まずは既存の優良顧客に対してインタビューを実施し、彼らが当社製品に感じている本質的な魅力や利用シーンを抽出。その情報を基に、ECサイトの商品ページやパンフレットの訴求軸を再設計することを指摘されました。また、SNSや企業HPの情報発信に関しては、定期的かつ更新スケジュールを確立するため、専門のマーケティング担当者や外部パートナーの活用を前提にオペレーションを構築していくのがよいとのことでした。

さらに、私自身が製品作りに専念しすぎるあまり企業全体を俯瞰した視野を持てていない現状を打破するため、経営チーム内での役割分担の見直しや、外部のマーケティング専門家との定期的なディスカッションの場を設けるよう提案されました。

これらのアドバイスに基づき「まずは優良顧客の声に基づき、自社の製品の伝え方を再定義するべきだ」という一手に落ち着きました。特に、私自身が現場から離れて経営戦略や市場動向を見直すことが不可欠であり、今後は内部チームの強化と外部との連携を同時に進める必要があると強調されました。

今回の相談の結果として、どのような成果が得られたのでしょうか?

今回のスポットコンサルを通じ、現在ブランディングの根本的な再構築に取り組んでいます。
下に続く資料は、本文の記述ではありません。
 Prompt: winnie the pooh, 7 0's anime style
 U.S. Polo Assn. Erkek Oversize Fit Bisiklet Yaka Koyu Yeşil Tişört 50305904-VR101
特に、優良顧客へのインタビューを通じて、「伝統的なモノづくりがモダンなライフスタイルと調和する体験」に自社製品の提供価値があることが見えました。そうした体験価値をブランドコンセプトの軸に据え、「職人の制作過程」や「製品にかける情熱」のビジュアルドキュメントを各商品のページにコンテンツ化して織り込むことで、伝統と現代性の融合を視覚的に訴求できるようECサイトを刷新しました。

また社内リソースが限られている中、マーケティング専任の担当者の任命し、外部のコンテンツクリエーターやデジタルマーケティング会社との提携を開始いたしました。現在、SNSや企業HPの定期更新およびキャンペーンについて、提携先と連携しつつ試験的に情報発信の運用を進めています。

直近ではECサイトからの問い合わせ件数やオンライン受注が増加し、「製品の背景や物語に共感できる」というお声が多数寄せられるなど、ブランド認知度の向上を実感しています。

今回のスポットコンサルの効果について、どのようにお考えですか?

今回の「コンパスシェア」を通じたコンサルティングは、弊社にとって単なる戦術的改善に留まらず、経営全体の考え方の転換を促す非常に価値ある体験となりました。私自身、製品作りに専念するあまり、経営視点が欠落していた現状に改めて気づかされ、外部の意見がもたらす視座の重要性を実感しました。

本日は、C社代表のK様に、革新的な医療支援機器の実用化と、1時間のスポットコンサルによる具体的な成果についてお話を伺いました。K様、誠にありがとうございました。
今後のさらなるご発展を心より期待しております。